With the development of science and technology, a single-performance material cannot meet the requirements of modern industry. Bimetallic composite materials can combine the advantages of various components, resulting in a better performance in general (Ref 1, 2). The Cu-Al bimetallic composite plates have the excellent electrical conductivity, thermal conductivity of the copper and lightweight, corrosion resistance and economy of aluminum (Ref 3). Therefore, Cu-Al bimetallic composite plates can be applied not only to the field of signal transmission and power transmission, but also widely to aviation, petroleum, chemical, shipbuilding and other industrial areas (Ref 4,5,6).

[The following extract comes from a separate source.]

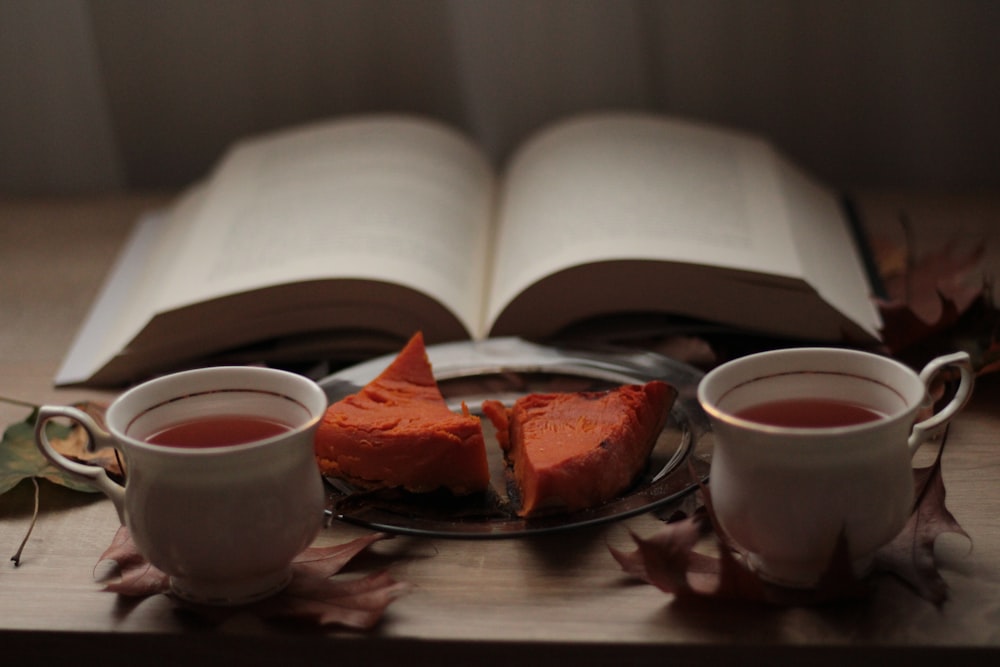 two cups of tea and a book on a table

At present, Cu-Al composite materials can be produced through Cu-Al surface welding (Ref 7), explosive composite (Ref 8), rolling composite (Ref 9), core continuous casting (Ref 10), etc. However, cast-rolling method has more advantages, such as low energy consumption, cost-effectiveness and good quality. Without changing the original conductivity of Cu and Al, the cast-rolling composite technology can achieve metallurgical bonding between copper and aluminum interfaces and obtain high interfacial bonding strength. Some intermetallic compounds, such as CuAl2, Cu9Al4 and CuAl, would be formed in the composite process of high-temperature aluminum liquid and copper plate. The secondary intermetallic compound formed under extreme conditions significantly deteriorates the interfacial bonding strength of the composite (Ref 11, 12), resulting in a decrease in bonding strength and bending properties of the composite sheet and deterioration in electrical conductivity. Therefore, it is necessary to control the diffusion reaction to obtain the complete interfacial bond, thus extending the applications of Cu-Al clad materials.

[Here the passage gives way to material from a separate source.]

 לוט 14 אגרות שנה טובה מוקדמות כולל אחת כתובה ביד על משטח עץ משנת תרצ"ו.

Chen et al. (Ref 13) studied the effects of heat treatment on the interfacial structure of Al-Cu prepared by cold rolling and revealed the structural development and growth dynamics of the interface. Lee et al. (Ref 14) fabricated copper–aluminum composite sheets by hot-pressing method, analyzed the mechanical properties of CuAl2, Cu9Al4 and CuAl phases by nanometer hardness tester and studied the crystal structure of three phases in detail. RAWERS and PERRY (Ref 15) studied the strengthening and toughening effects on the bridge-crack deformation mechanism using the tensile tests of brittle intermetallic/ductile metallic microlaminates.

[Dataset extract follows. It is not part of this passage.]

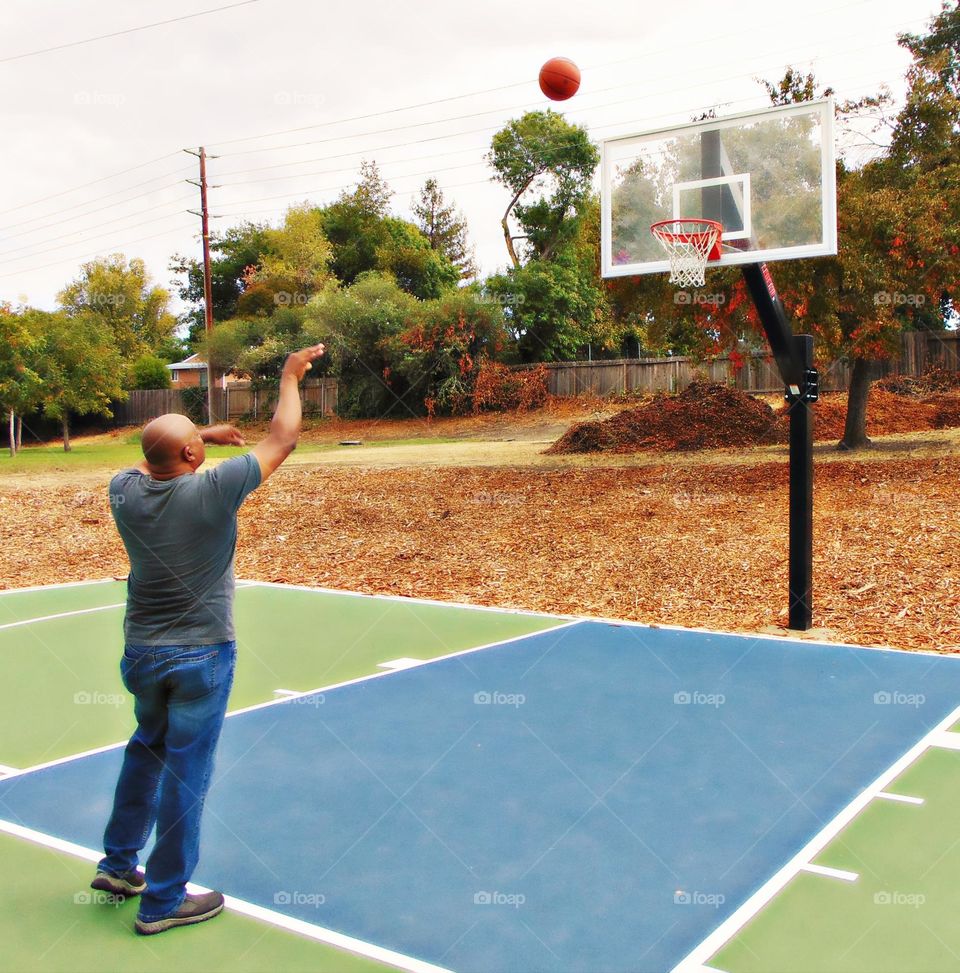 standing at the free throw line shooting a free-throw shot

Although some scholars have done some research on annealing process, there are few reports about the interfacial microstructure and structure of Cu-Al composite plate produced by cast-rolling technology. This essay aims to analyze the interface phase species and explore the crystallographic orientation relationship between the matrix Al and interfacial layer.

Experimental

Preparation Process

Experiments were carried out using 1050 industrial Al liquid and 1-mm-thick T2 pure Cu. As shown in Fig. 1, the pure Cu plate had a cross-sectional dimension of 1000 mm × 1 mm, and the oil was removed by degreasing. Then, the pure Cu plate was cleaned with 20% HCl solution and dried and then with acetone. The solution cleaned and dried quickly. The cleaned Cu plate was placed in a heating furnace for annealing in order to eliminate inside stress. Al liquid of 800 °C pure was degassed again and held for 15 min. Then, the aluminum liquid was placed in the cast device for storing the aluminum liquid and left until change to semi-molten state to allow the aluminum liquid to flow out from the preheated nozzle. Cu was preheated to 200 °C, and semi-solid Al was poured onto a two-roll microvibratory casting mill to obtain a Cu-Al composite panel with the width of 8 mm. As shown in Fig. 1, the wire was cut into 10 mm × 10 mm × 8 mm samples and then was ground by sandpaper and polished by mechanical.

Fig. 1
figure 1

Diagram of Cu-Al composite plate by cast-rolling process

Full size image

Characterization

The diffusion of the interface region was observed by a scanning electron microscope (SEM) equipped with energy-dispersive spectroscopy (EDS). Bruker D8 x-ray diffraction (XRD) was used to identify the phase of the exfoliated sample interface, with the following parameters: CuK alpha radiation is in the scanning range of 35 kV, 25 mA and 14-92°. The intermetallic compound was analyzed by JEM-2100 transmission electron microscopy (TEM). Atomic micrographs at the interface between Cu and Al and within matrix were characterized by a high-resolution transmission electron microscope (HRTEM).

Results and Discussion

Interface Organization and Phase Analysis

Figure 2(a) and (b) shows the SEM images of Cu-Al interfaces. As can be seen from Fig. 2(a), the interface is straight and clean and has no fragmentation. Figure 2(b) is a scan line of the corresponding position in Fig. 2(a). Cu and Al are tightly integrated (Fig. 2a), and the Cu atoms and Al atoms diffuse with each other (Fig. 2b). Therefore, the bonding of interface can be realized through the method of metallurgy bonding. It is also observed that the diffusion of Al atoms has a certain small step at the interface, as shown in A area in Fig. 2(b), indicating that there is a diffusion layer at the interface. The thickness of the diffusion layer is determined by the intermetallic compound and atomic migration at the interface.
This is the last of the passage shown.